**TRY IT:** Copy out the data exactly as it appears, without a single image.

(SUPPLIED INFORMATION begins)

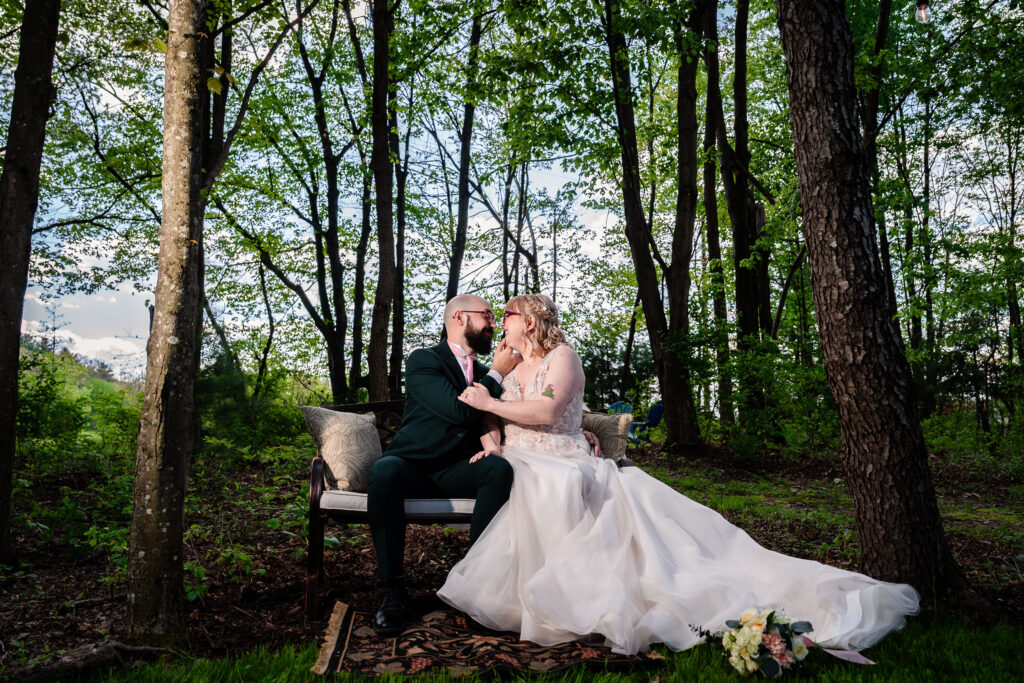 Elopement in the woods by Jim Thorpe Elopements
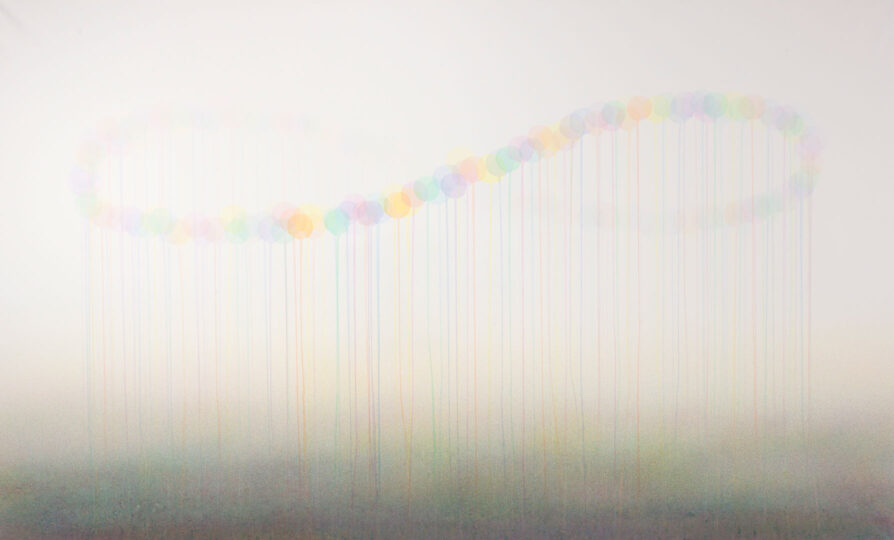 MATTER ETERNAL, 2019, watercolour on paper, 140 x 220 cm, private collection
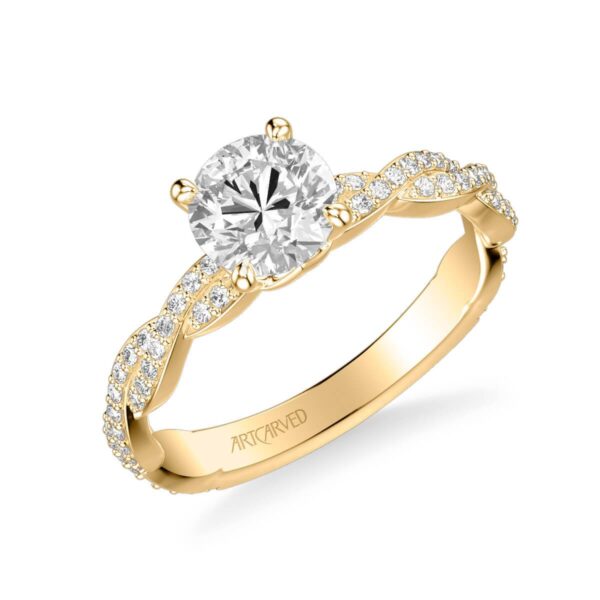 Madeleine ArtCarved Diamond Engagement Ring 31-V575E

(SUPPLIED INFORMATION ends)

**TASK RESULT:**
 Elopement in the woods by Jim Thorpe Elopements
 MATTER ETERNAL, 2019, watercolour on paper, 140 x 220 cm, private collection
 Madeleine ArtCarved Diamond Engagement Ring 31-V575E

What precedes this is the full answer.